CH 104: Lesson 1a

 

Distinction between Chemical and Physical Changes

Now let's expand on the distinction between chemical reactions and physical changes that was alluded to earlier.

Chemical reactions involve changing the materials that you're dealing with into new materials, and the changes that you see are the result of the appearance of the new materials. The new material might have a different phase than the starting materials. For example, if you create something new from two liquids and it happens to be a gas, then you will get gas bubbles. There will be a new material with a new phase that wasn't there before. Also, you can observe chemical reactions by seeing color changes, if the new material has a different color than the starting materials. When a chemical reaction takes place, usually the temperature will also change. It will either go up or down, sometimes imperceptibly. Those are the kinds of changes that you might see. In chemical reactions the changes that you observe are caused by the creation of or loss of different kinds of materials.

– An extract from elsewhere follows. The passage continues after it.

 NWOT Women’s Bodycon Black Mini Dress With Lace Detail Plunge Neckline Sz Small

Physical changes are similar in some ways because you are looking at the same kinds of things--changes in the phase, the color, the temperature. But the physical changes are changes in the condition of the material or changes caused by mixing materials together or taking them apart--just mixing or separating, not the creation of something new. For example, temperature changes are physical changes if they are caused by heating or cooling. If you add heat to something and the temperature goes up, that is a physical change. If you cool it off and the temperature goes down, that is a physical change. Phase changes are physical changes also, if they are caused by heating or cooling. If you take some water and you heat it up and it changes to gas, that is a physical change. You still have water, only now it is steam instead of liquid. Also included in physical changes are color changes that are caused simply by mixing or by diluting a material or, in some cases, even by heating. For example, if you turn on an electric range and the element gets hot, you can see a color change. That is also a physical change.

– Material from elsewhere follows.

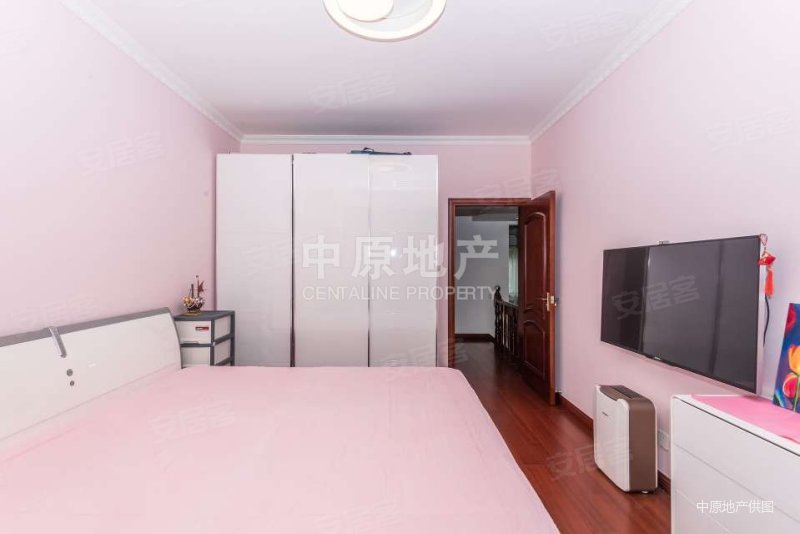 急售十万火急双地铁口精装电梯三房新世纪名苑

Physical changes and chemical changes have much in common in that you are looking at similar kinds of results. The difference is whether the appearances or differences that you see are from a change in the condition of the material or from a change in what materials are present. That's the kind of thing you need to look for to distinguish between a chemical reaction and a physical change. It takes an inference to make that distinction. Sometimes it is very difficult to make that distinction and in some cases even chemists can get into arguments sometimes over what constitutes a physical or a chemical change. For example, when salt dissolves in water, some people say that is simply a physical change because if you evaporate away the water, you have the salt back again. Other people argue that there is a chemical change because the material present in solution has different properties than the separated pure water and pure salt. The solution will conduct electricity and the pure water and pure salt will not. So, there are cases where the distinction between physical and chemical changes gets kind of blurred. In a few weeks we will have more criteria we can use to distinguish between physical and chemical changes.